EXERCISE PROMPT>
With the pictures omitted, please transcribe exactly the lines beginning at the one that contains "Azerbaijan, Armenia and" and ending with the last line of the records below.

THE RECORDS>
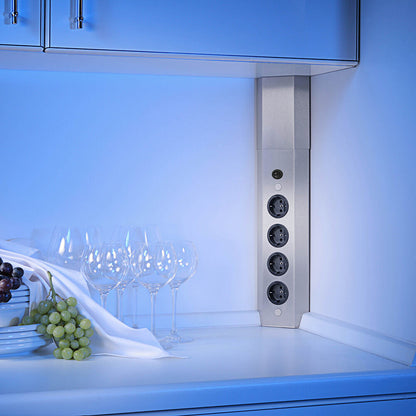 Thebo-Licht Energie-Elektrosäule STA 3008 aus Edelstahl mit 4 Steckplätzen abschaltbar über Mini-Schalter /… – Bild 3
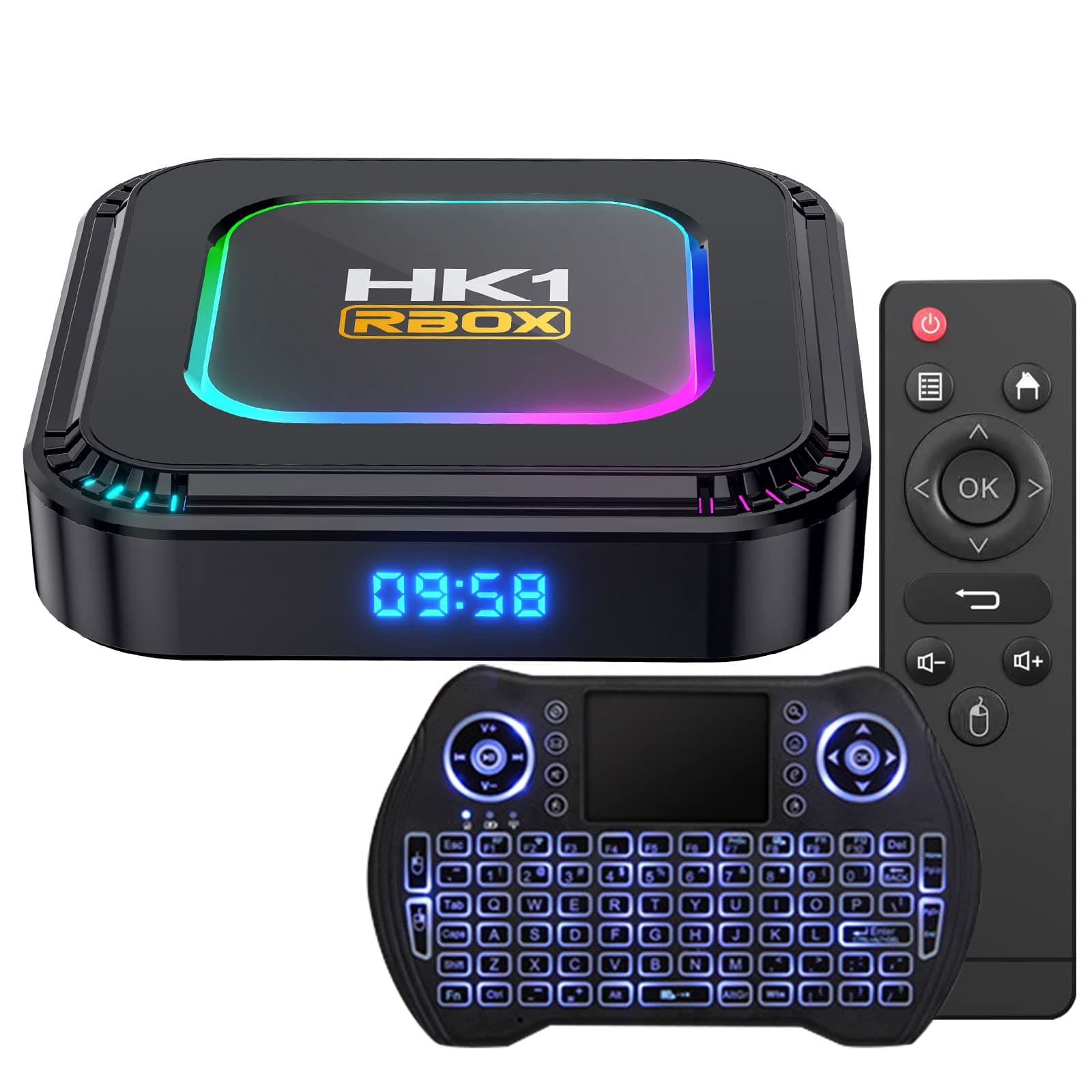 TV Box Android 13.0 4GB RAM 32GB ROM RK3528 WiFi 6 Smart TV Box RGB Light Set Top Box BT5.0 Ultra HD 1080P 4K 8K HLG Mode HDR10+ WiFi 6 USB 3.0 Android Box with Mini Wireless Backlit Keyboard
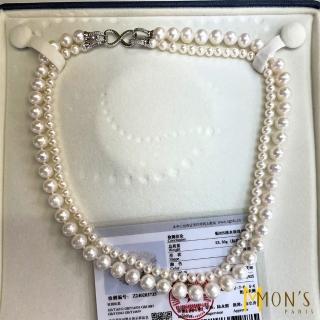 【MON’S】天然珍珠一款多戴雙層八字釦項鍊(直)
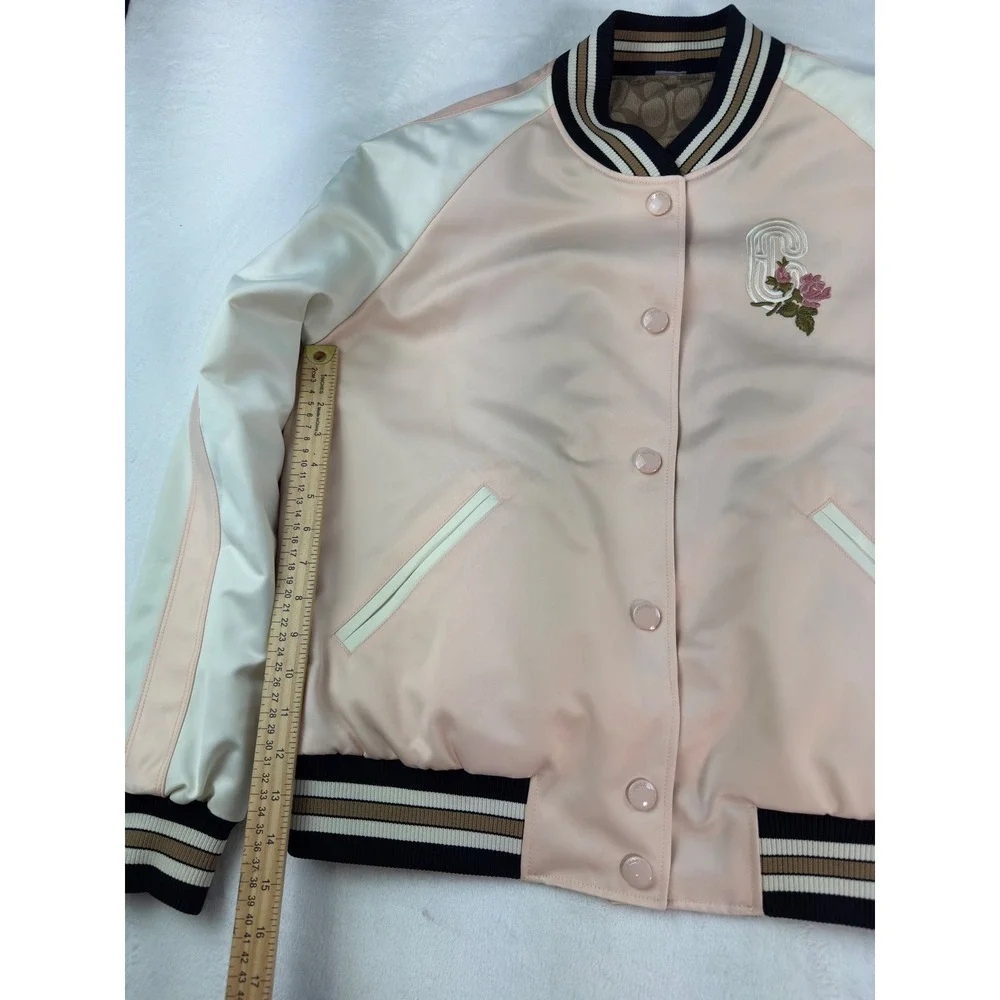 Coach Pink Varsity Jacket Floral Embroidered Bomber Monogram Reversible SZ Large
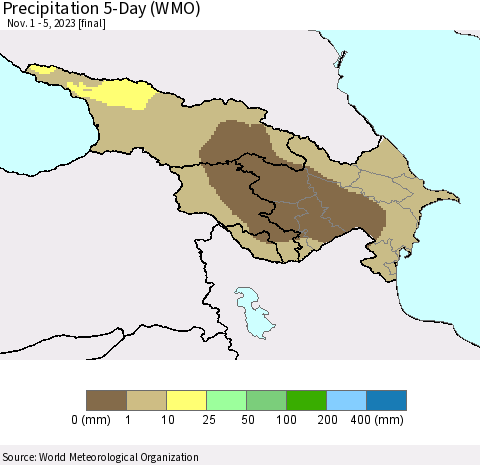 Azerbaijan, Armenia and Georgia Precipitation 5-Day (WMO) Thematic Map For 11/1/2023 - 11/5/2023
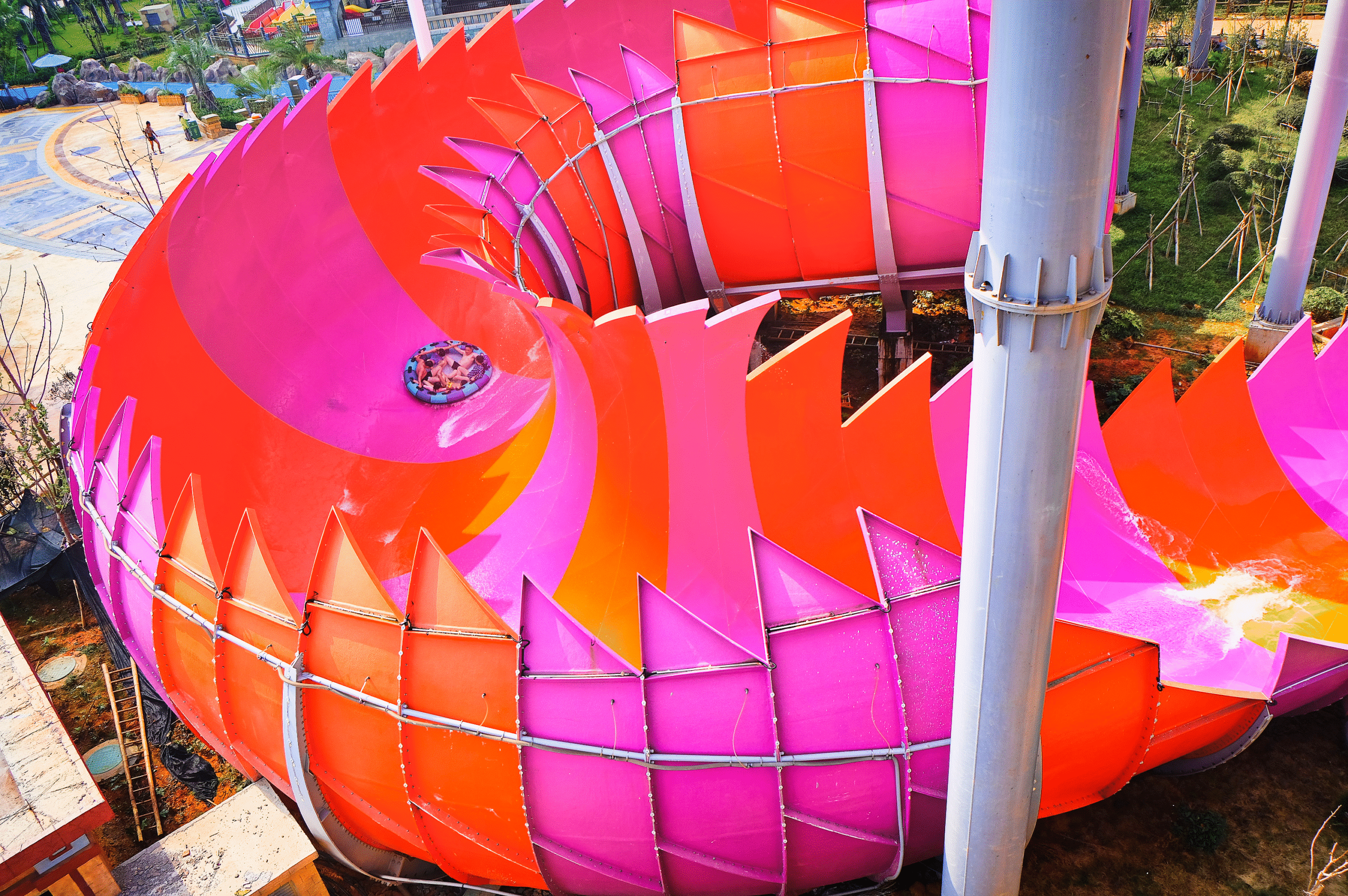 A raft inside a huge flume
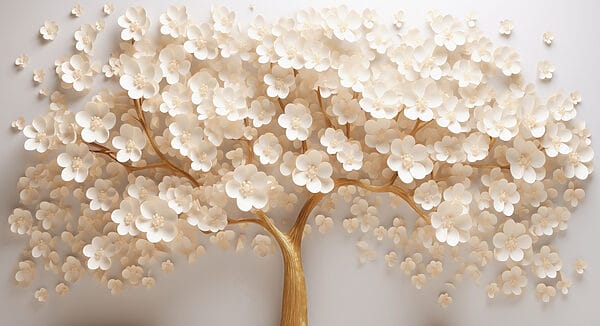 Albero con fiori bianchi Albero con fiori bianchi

FINAL ANSWER>
 Azerbaijan, Armenia and Georgia Precipitation 5-Day (WMO) Thematic Map For 11/1/2023 - 11/5/2023
 A raft inside a huge flume
 Albero con fiori bianchi Albero con fiori bianchi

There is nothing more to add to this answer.